Momencik, trwa przetwarzanie danych   loading-animation
zarchiwizowany

#79575

przez ~Aga2 ·
| było | Do ulubionych
Piekielność drobna, ale uciążliwa.

Niedawno się przeprowadziłam, a w nowym mieszkaniu warto jest mieć internet. Zdecydowałam się na Toyę.
Przy podpisywaniu umowy uprzedzono mnie, że Toya każdemu nowemu użytkownikowi włącza usługę "Bezpieczny internet", która jest darmowa chyba przez miesiąc, a w kolejnych miesiącach dopłaca się 5 zł do rachunku. Niby niezbyt dużo, ale na nic mi ta usługa nie jest potrzebna (zasadniczo z tego co zrozumiałam, to umożliwia ona pobranie "darmowo" jakiegoś antywirusa, za którego normalnie się płaci). Ale nie można od razu z niej zrezygnować. Włączają zawsze.
Minęło kilka dni, rozlokowałam się w mieszkaniu i dzisiaj uznałam, że warto tę usługę wyłączyć, żeby potem nie zapomnieć. Dzwonię na infolinię i co?

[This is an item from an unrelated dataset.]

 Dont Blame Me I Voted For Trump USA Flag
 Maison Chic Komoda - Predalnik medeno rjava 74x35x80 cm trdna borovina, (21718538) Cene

I nie mogę jej wyłączyć, bo musi minąć co najmniej 14 dni od włączenia...
Tak to sobie Toya zbiera dodatkowe pieniądze, od ludzi, którzy zapomną usługę wyłączyć albo nawet nie zostaną o niej poinformowani i jeszcze utrudnia jej wyłączenie...

Toya

Skomentuj (10) Pobierz ten tekst w formie obrazka
Ocena: 23 (71)

Komentarze

Momencik, trwa ładowanie komentarzy   ładowanie…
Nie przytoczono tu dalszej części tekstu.